More than a thousand students from North Portland to Lake Oswego descended on Portland City Hall Friday as part of the National School Walkout against gun violence.
They carried signs that said “Guns Are Not School Supplies,” and “Enough.”
The protest marked the 19th anniversary of the Columbine High School shooting in Colorado. That was before most of these students were born. But students like Asher, at Portland’s Lincoln High School, remember more recent shootings, like Sandy Hook Elementary in 2012.
“My mom did not tell me, because it was my 12th birthday – December 14, 2012 – and the Sandy Hook shooting happened on my 12th birthday,” Asher told the crowd.

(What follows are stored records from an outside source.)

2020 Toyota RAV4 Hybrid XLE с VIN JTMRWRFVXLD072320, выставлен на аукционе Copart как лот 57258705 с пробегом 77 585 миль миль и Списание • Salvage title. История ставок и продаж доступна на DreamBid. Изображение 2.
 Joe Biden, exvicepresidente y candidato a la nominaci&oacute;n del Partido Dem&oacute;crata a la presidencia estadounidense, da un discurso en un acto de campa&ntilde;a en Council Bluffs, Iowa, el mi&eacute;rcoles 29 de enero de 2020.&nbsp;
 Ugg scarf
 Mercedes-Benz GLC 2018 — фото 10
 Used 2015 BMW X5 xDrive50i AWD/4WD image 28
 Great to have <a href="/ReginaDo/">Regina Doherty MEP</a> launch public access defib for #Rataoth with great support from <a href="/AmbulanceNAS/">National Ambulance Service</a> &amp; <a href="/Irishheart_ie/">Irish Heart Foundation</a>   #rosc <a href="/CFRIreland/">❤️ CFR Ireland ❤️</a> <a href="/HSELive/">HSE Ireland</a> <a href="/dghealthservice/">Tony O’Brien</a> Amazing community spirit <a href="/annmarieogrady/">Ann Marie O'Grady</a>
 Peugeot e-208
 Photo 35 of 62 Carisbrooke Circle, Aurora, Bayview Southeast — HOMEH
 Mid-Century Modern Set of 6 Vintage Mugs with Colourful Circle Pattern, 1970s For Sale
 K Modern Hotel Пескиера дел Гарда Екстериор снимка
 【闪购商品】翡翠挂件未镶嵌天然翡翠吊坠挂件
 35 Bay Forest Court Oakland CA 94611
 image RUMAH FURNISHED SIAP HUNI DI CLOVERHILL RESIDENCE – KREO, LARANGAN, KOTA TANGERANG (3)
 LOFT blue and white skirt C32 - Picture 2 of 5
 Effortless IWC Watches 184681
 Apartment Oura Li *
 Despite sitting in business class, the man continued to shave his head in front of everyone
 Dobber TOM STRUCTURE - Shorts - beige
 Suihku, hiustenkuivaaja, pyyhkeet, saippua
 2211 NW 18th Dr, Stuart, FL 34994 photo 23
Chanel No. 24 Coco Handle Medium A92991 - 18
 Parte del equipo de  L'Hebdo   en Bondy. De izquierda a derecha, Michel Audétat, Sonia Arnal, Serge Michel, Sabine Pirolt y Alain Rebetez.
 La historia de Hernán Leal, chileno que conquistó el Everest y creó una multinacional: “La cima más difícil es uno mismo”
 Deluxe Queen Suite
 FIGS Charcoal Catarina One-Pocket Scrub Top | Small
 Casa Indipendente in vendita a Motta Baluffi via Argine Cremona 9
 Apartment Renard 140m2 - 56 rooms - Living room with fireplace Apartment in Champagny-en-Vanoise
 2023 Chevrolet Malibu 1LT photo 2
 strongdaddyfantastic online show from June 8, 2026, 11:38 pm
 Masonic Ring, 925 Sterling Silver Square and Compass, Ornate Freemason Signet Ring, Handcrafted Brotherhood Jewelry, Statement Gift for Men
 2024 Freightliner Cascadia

“She didn’t want me to make me feel sad on my birthday, so she didn’t tell me that day.”
But Asher and thousands of students across the country have been turning their grief into anger since 17 students were fatally shot at Marjory Stoneman Douglas High School in Parkland, Florida, in February.
Students have been pushing relentlessly for gun control measures, with national protests starting with school walkouts on March 14, the one-month anniversary of the Parkland shooting.
At Friday’s rally in Portland, students applauded one another for braving possible discipline at school to make those buildings safer for school violence.
Catlin Gabel student Helena Khoury pressed those who were old enough to vote to punish politicians who sided with the gun lobby.
“So to all the politicians who take money from the NRA – and I am talking to you, Marco Rubio and Oregon’s own Greg Walden – the blood is on your hands,” Khoury said, as the gathered students continued her message by chanting “The blood is on your hands.”
Students also addressed allegations from gun rights advocates, that young people are being guided or coached by liberal activists. A Lincoln freshman named Elliana asked the rally if they needed adults to tell them what to believe.
“Let me ask you the students. Are we brainwashed? Are we crisis actors?” Elliana shouted through a megaphone.
Students shouted back, “No.”
Then she asked, “But can we start revolutions?”
And the students responded with a raucous “Yes!”
The only non-teenager to speak was Portland Mayor Ted Wheeler, who applauded the students’ efforts.
“This isn’t about adults giving you advice, this is about you telling adults what you want and expect. But don’t let this be a moment, let this be the beginning of an era,” Wheeler told students.